Saved data entries
- - - -

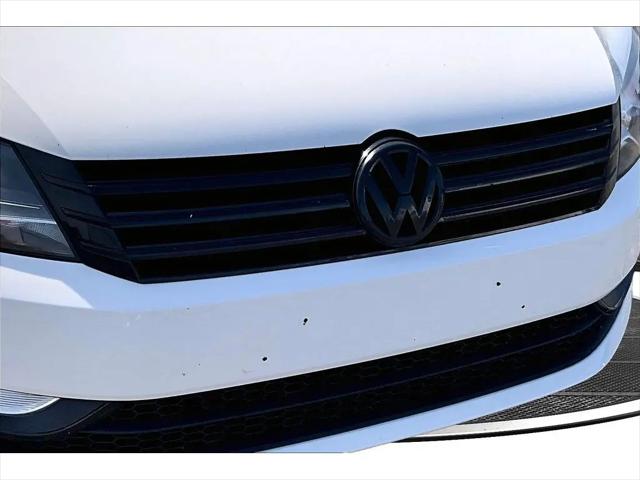 2014 Volkswagen Passat 1.8T Sport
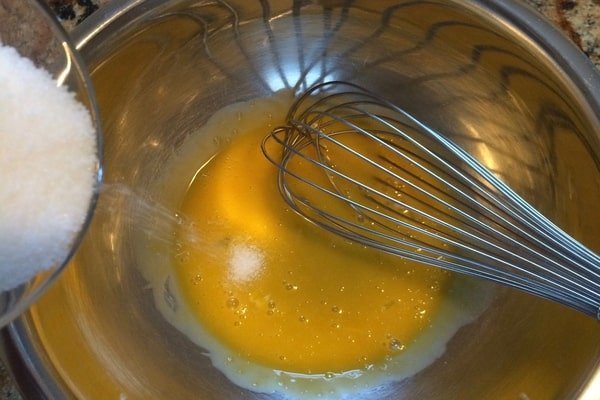 مخلوط کردن شکر و تخم مرغ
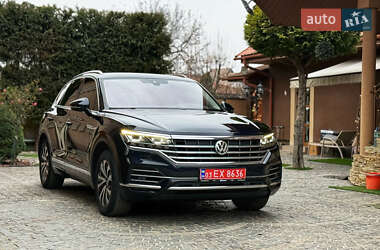 Внедорожник / Кроссовер Volkswagen Touareg 2020 в 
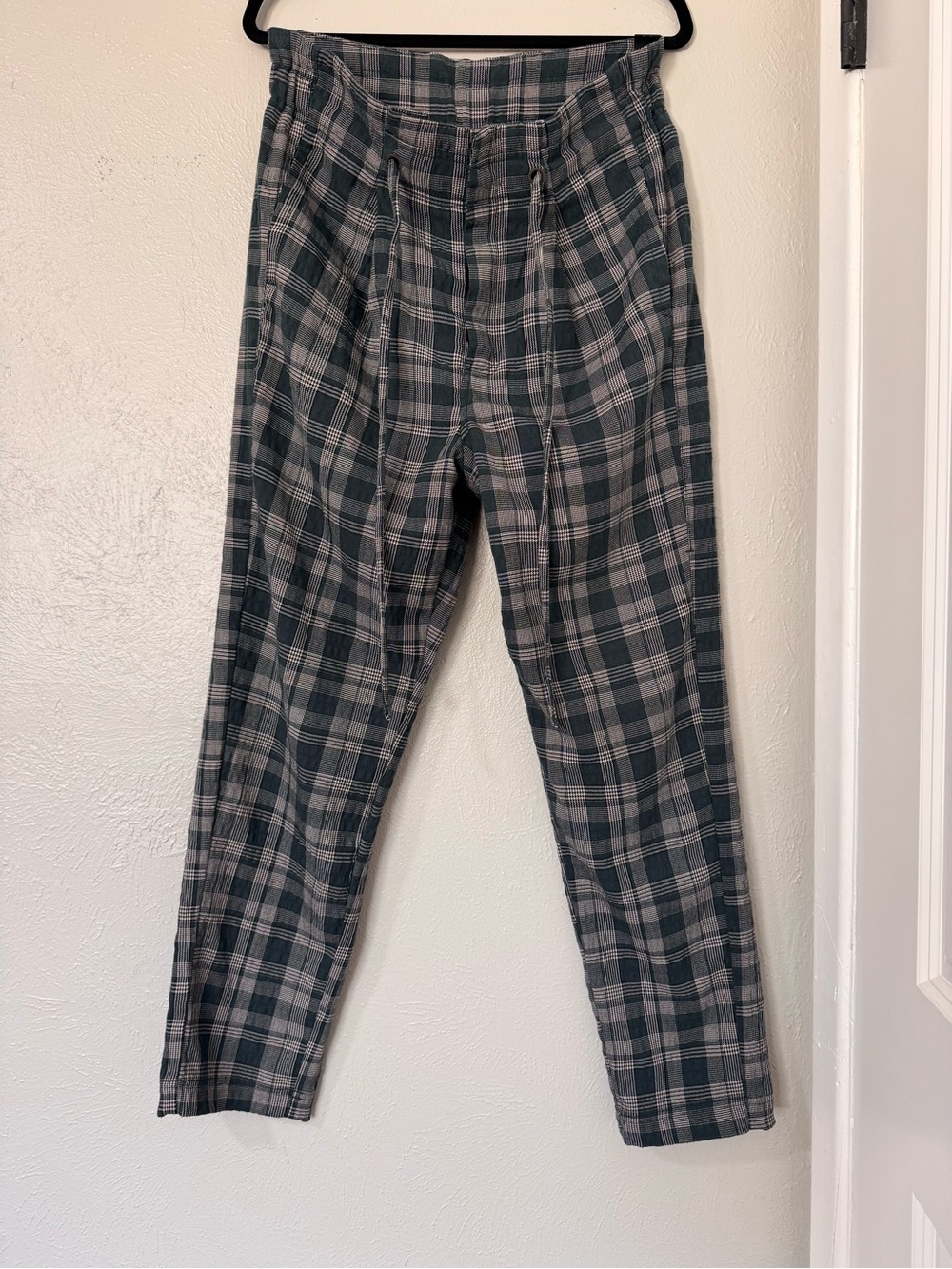 Women’s size 6 Freepeople Plaid Tapered Pants in Dark Green - boho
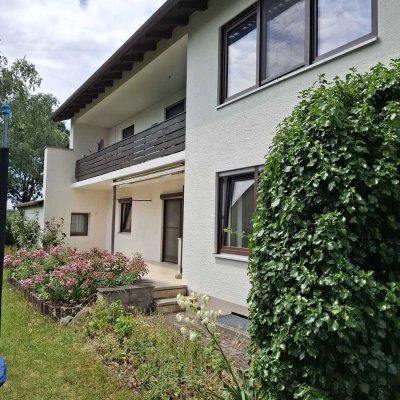 Großzügige 4-Zimmer-Wohnung mit Terrasse, Einbauküche, Garage und Allgemeingarten in 2-Familienhaus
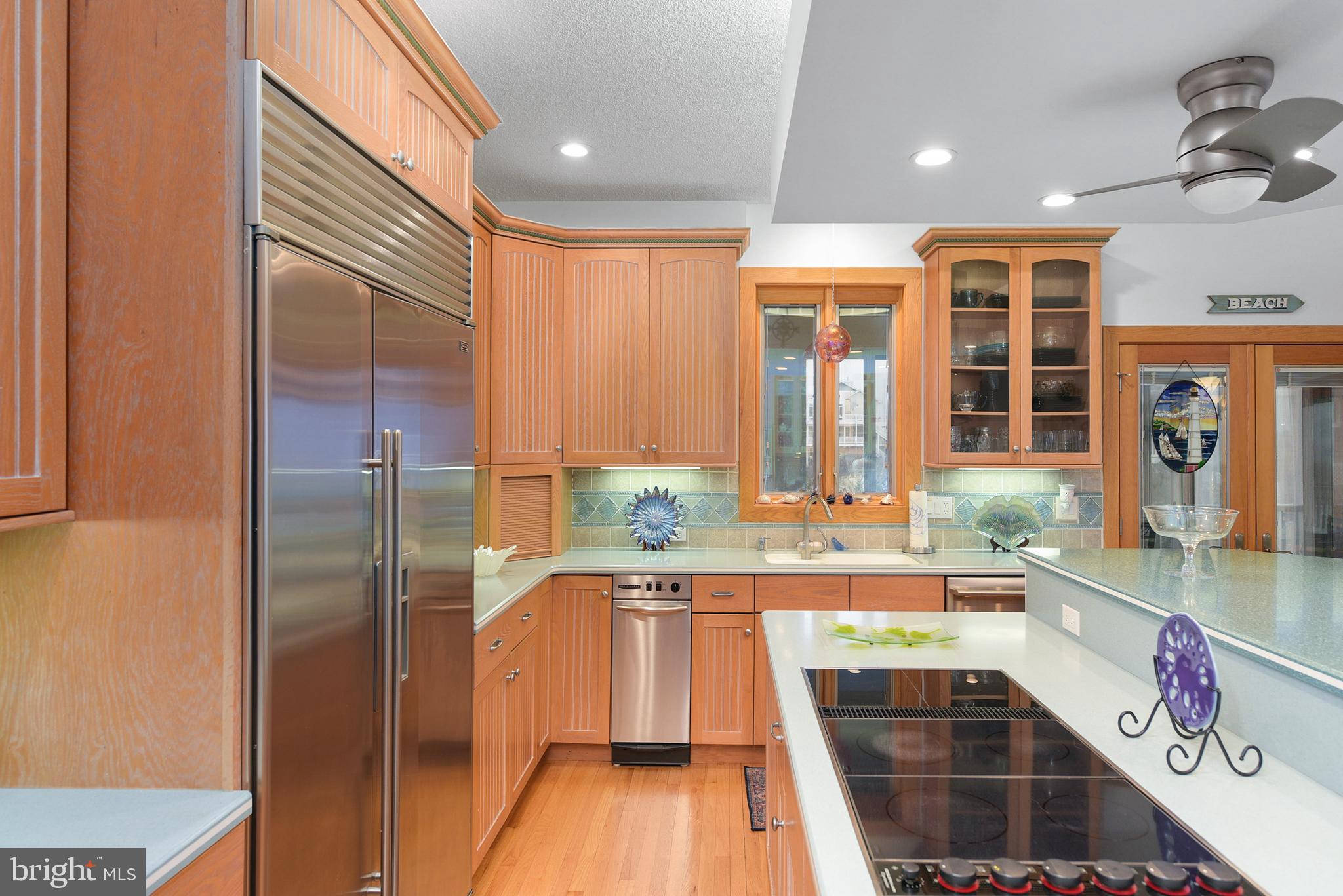 BACK BAY COVE - Residential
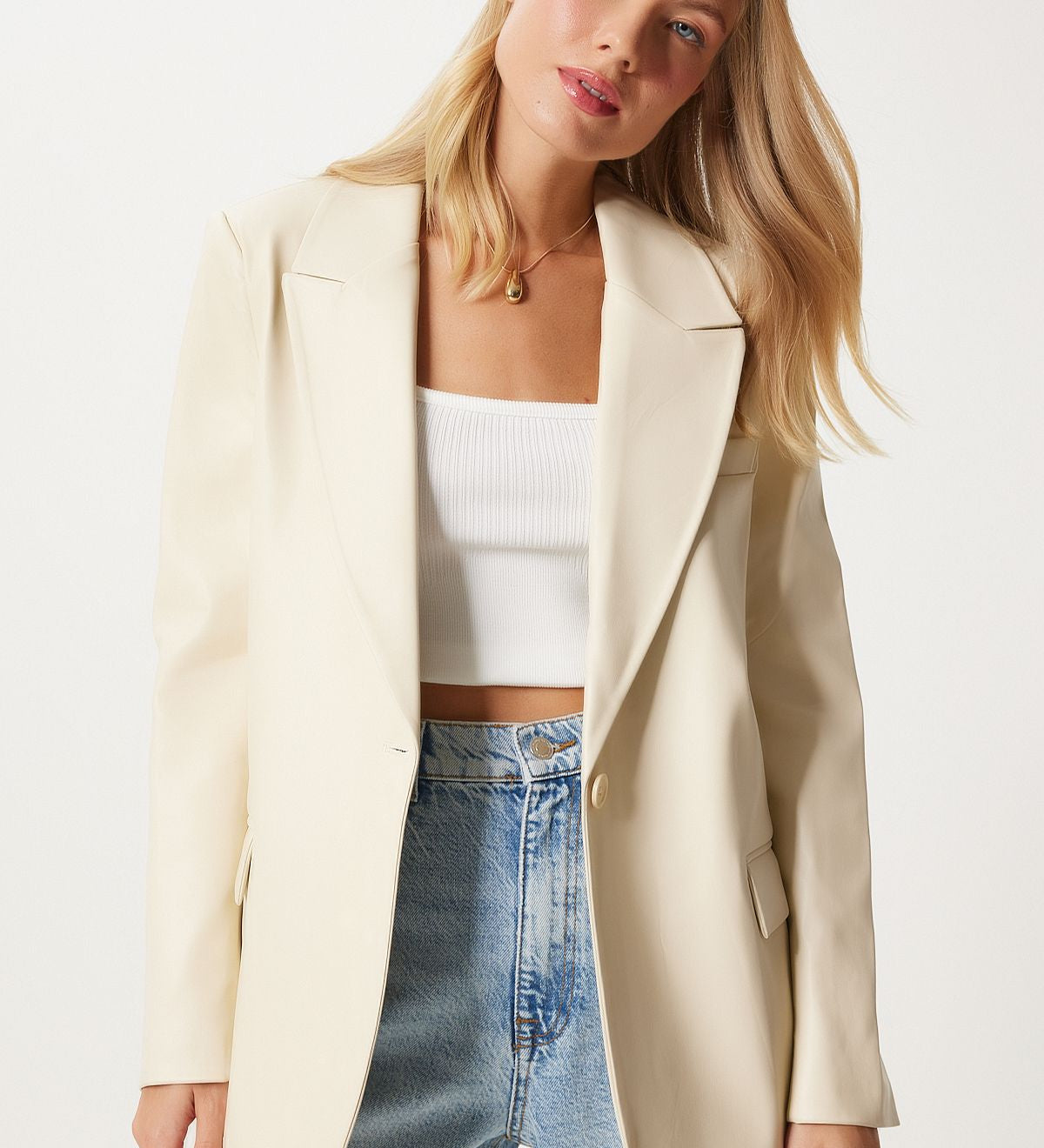 Add timeless elegance to your wardrobe with our Women’s Cream Tailored Blazer. Perfect for work or casual wear, this single-breasted jacket offers a chic, polished look. Shop now for sophisticated style!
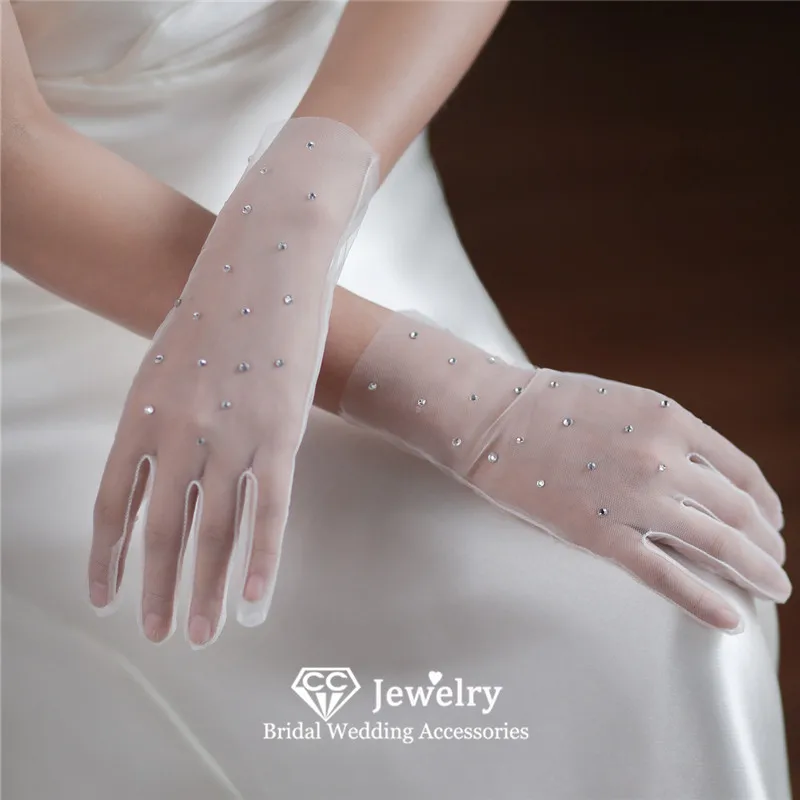 CC Wrist Gloves for Women Wedding Accessories Bridal Luvas Engagement Jewelry 1 Pair Shining Crystal Mittens Sheer Noiva WG059
CC Wrist Gloves for Women Wedding Accessories Bridal Luvas Engagement Jewelry 1 Pair Shining Crystal Mittens Sheer Noiva WG059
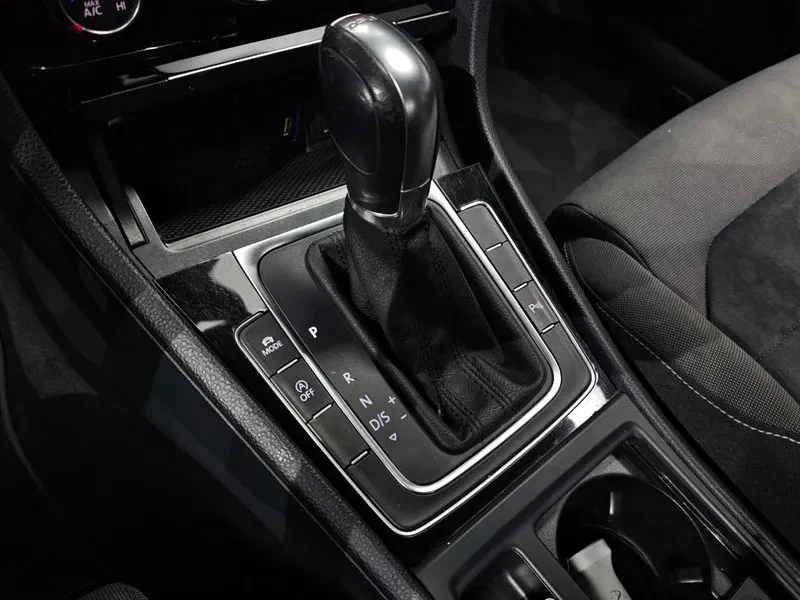 VW Golf 1.6 TDI, снимка 9 - Автомобили и джипове - 54300847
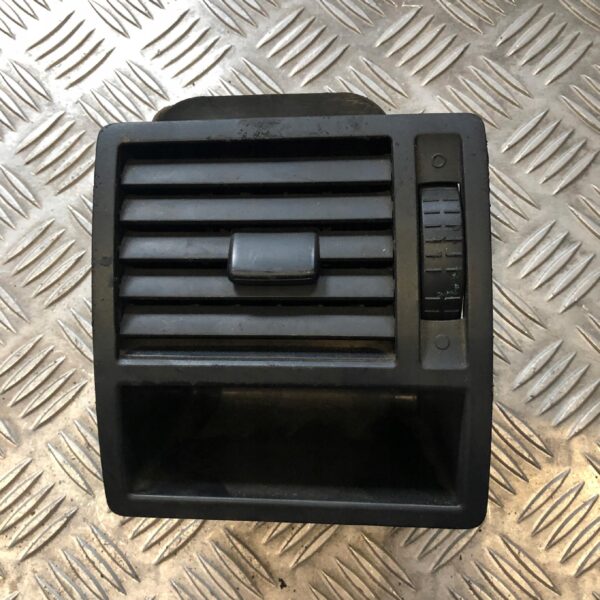 KRATKA NAWIEWU VOLKSWAGEN T5 7E0819203C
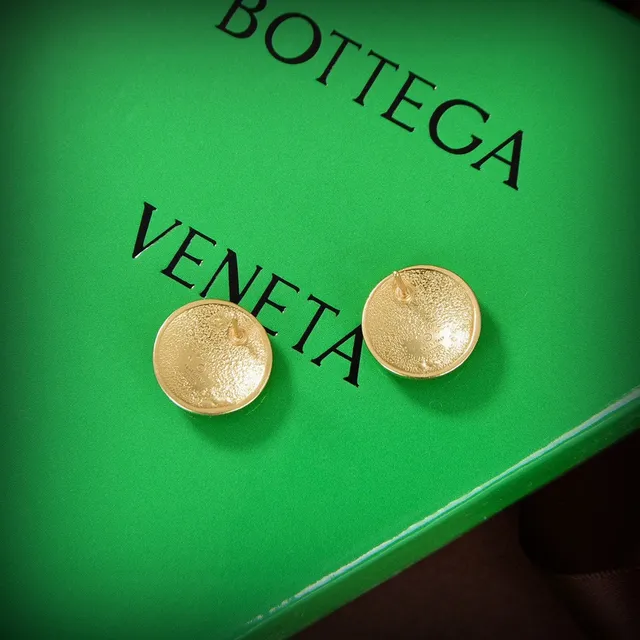 Bottega Veneta 金玫瑰黑色搪瓷耳钉 5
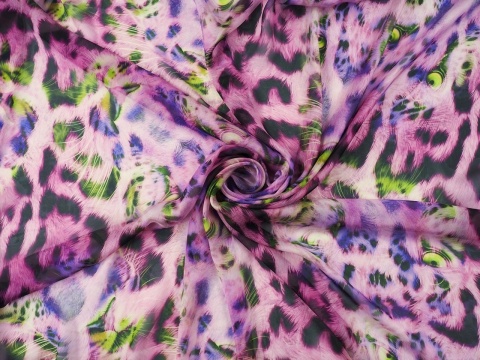 jedwab szyfon we fioletową panterkę i kocie oczy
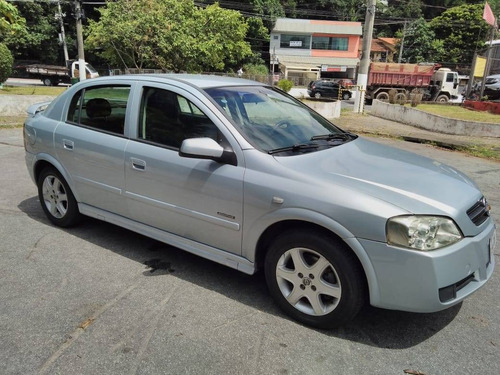Imagem 4 de 9 de Chevrolet Astra 2.0 Mpfi Advantage 8v Flex 4p Manual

- - - -

Where a line contains "BACK BAY COVE - Residential", begin there and set down exactly each line through the end of the data above, omitting any pictures.

*YOUR SOLUTION*:
 BACK BAY COVE - Residential
 Add timeless elegance to your wardrobe with our Women’s Cream Tailored Blazer. Perfect for work or casual wear, this single-breasted jacket offers a chic, polished look. Shop now for sophisticated style!
 CC Wrist Gloves for Women Wedding Accessories Bridal Luvas Engagement Jewelry 1 Pair Shining Crystal Mittens Sheer Noiva WG059
CC Wrist Gloves for Women Wedding Accessories Bridal Luvas Engagement Jewelry 1 Pair Shining Crystal Mittens Sheer Noiva WG059
 VW Golf 1.6 TDI, снимка 9 - Автомобили и джипове - 54300847
 KRATKA NAWIEWU VOLKSWAGEN T5 7E0819203C
 Bottega Veneta 金玫瑰黑色搪瓷耳钉 5
 jedwab szyfon we fioletową panterkę i kocie oczy
Imagem 4 de 9 de Chevrolet Astra 2.0 Mpfi Advantage 8v Flex 4p Manual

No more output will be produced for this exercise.